● DATA SHOWN:

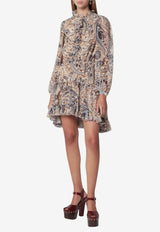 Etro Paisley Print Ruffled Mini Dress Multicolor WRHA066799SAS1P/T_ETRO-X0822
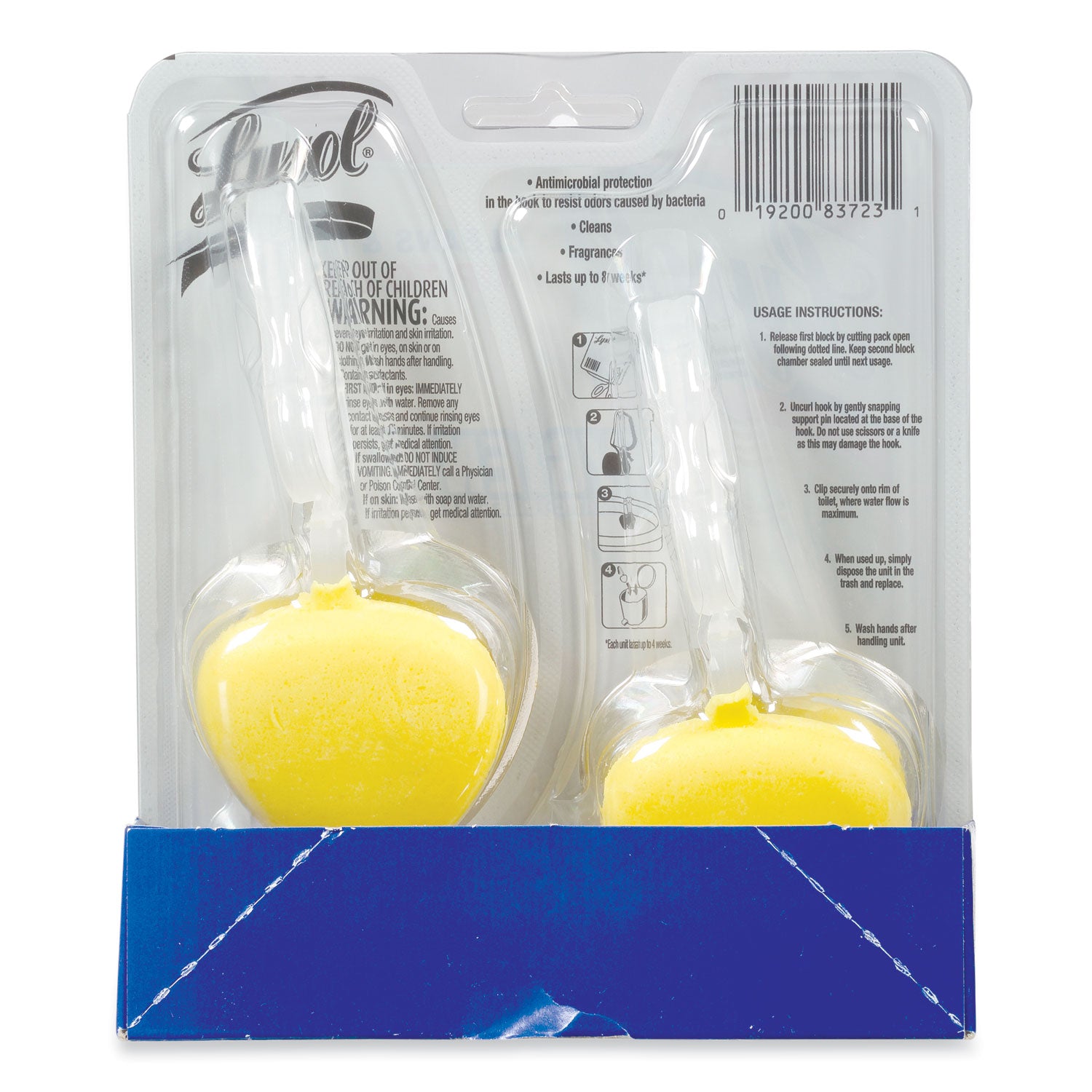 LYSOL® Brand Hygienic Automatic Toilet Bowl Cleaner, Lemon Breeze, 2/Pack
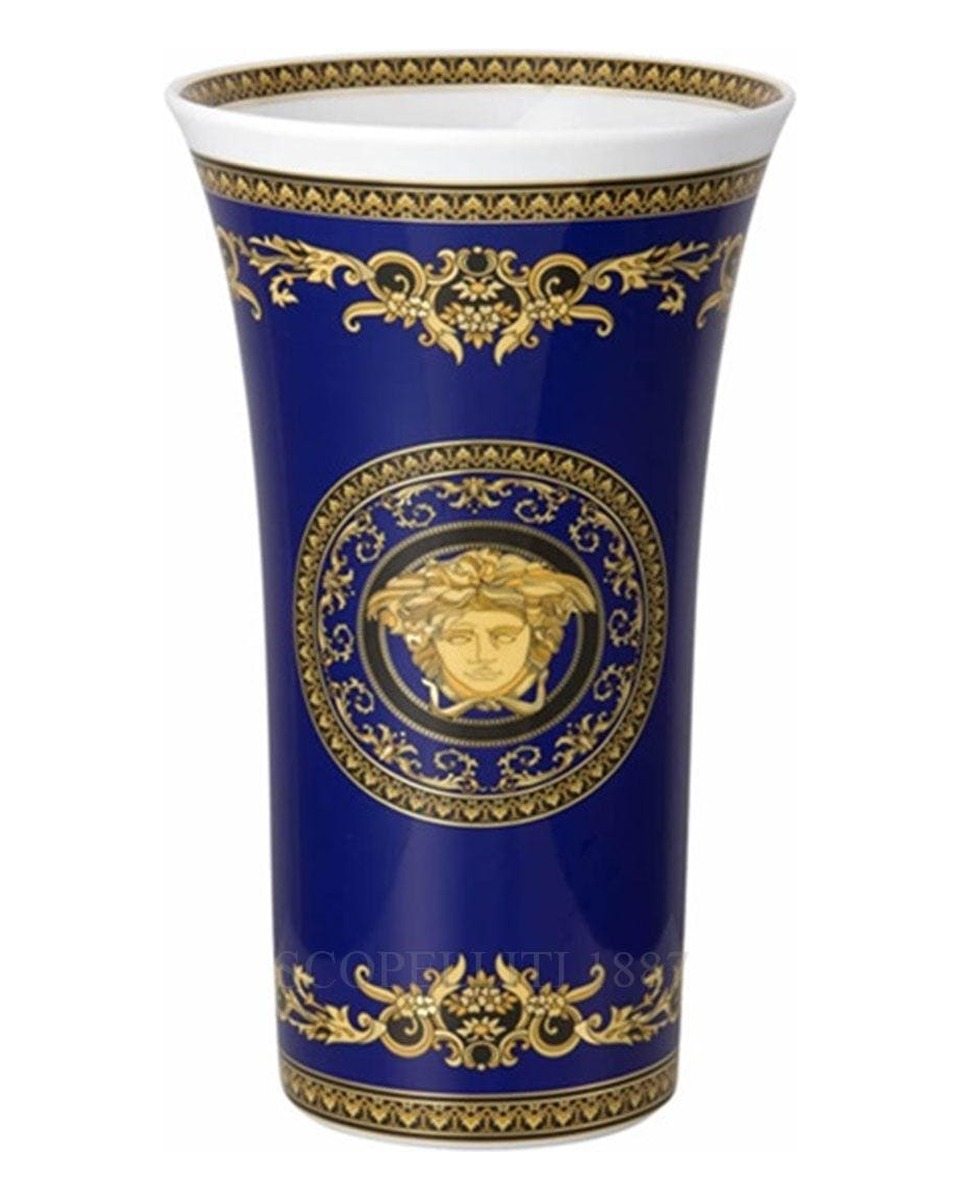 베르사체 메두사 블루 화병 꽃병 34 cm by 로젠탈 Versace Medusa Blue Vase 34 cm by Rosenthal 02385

● TASK PROMPT: Write out the material above without changing a word, and skip any picture.

● SOLVED EXERCISE:
 Etro Paisley Print Ruffled Mini Dress Multicolor WRHA066799SAS1P/T_ETRO-X0822
 LYSOL® Brand Hygienic Automatic Toilet Bowl Cleaner, Lemon Breeze, 2/Pack
 베르사체 메두사 블루 화병 꽃병 34 cm by 로젠탈 Versace Medusa Blue Vase 34 cm by Rosenthal 02385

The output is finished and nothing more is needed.